Any given amendment document is likely to contain multiple amendments. Sometimes on the same law but is not uncommon to update multiple laws with one set of amendments. Think of an update of multiple laws as a database transaction happening on multiple tables; you want to preserve the referential integrity (or the integrity of the legal system in this case).
The goal of this stage in the pipeline is the recognize where each individual amendment starts and where it ends. The result of the segmentation can be stored in the XML document resulting in a richer XML structure.
Looking at this problem closer, it is composed of two tasks:
Distinguish between the preamble, postamble and the body (containing the amendments we care about).
Distinguish between individual amendments which are often grouped in articles.

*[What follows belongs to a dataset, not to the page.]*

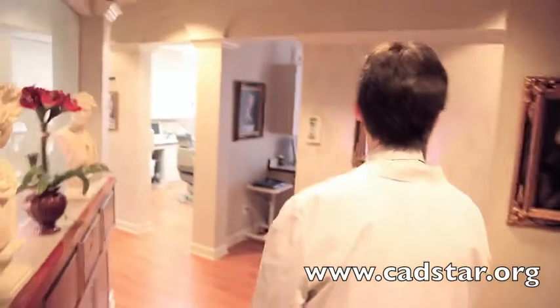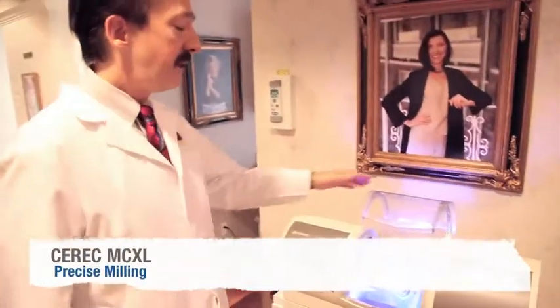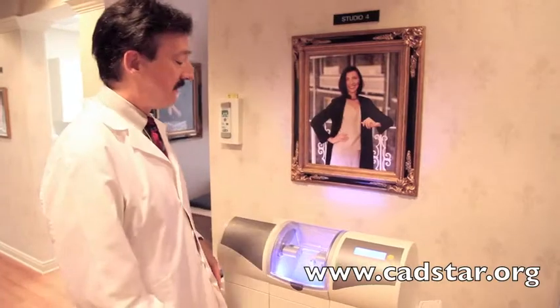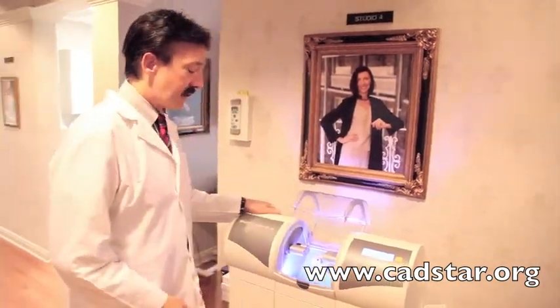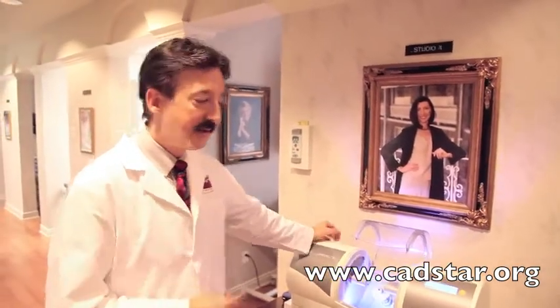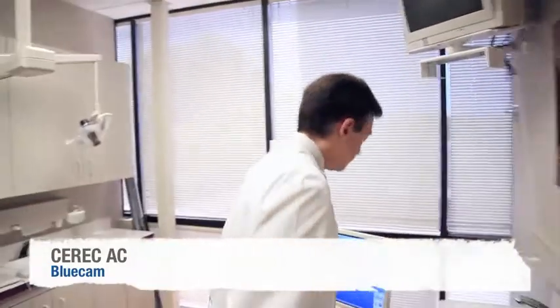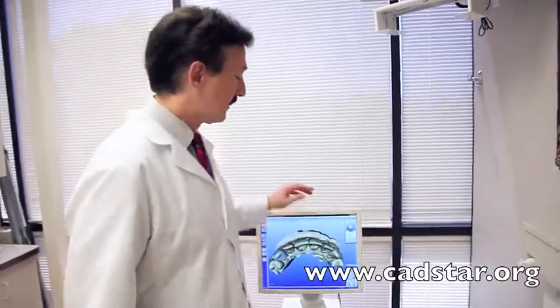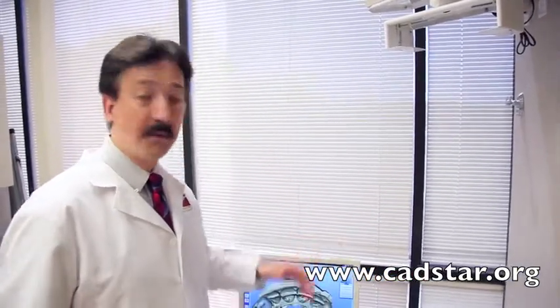This here is my CEREC MCXL milling unit. When this is going and patients are moving down our treatment hallway, they always ask questions — it has an inherent synergy of excitement and technology. This unit is very precise; you can get excellent mills with it. And this is my CEREC AC unit with the blue cam — a recent upgrade, particularly with the optics and the blue cam LED camera. It's really, really precise.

We treat these problems as a sequence classification problem. We trained 2 models implemented using the Conditional Random Fields (CRF) algorithm [Lafferty, Andrew and Fernando 2001]. According to the research performed by Fuchun Peng and Andrew McCallum [Peng and Andrew 2004], CRFs work well for extracting structured information from research papers, achieving good performance. Although amendments are different from research papers, both are generally well-structured and some of the tasks, including segmentation overlap. This algorithm is also used in similar implementations like GROBID [GROBID 2008-2017] and MALLET [McCallum 2002].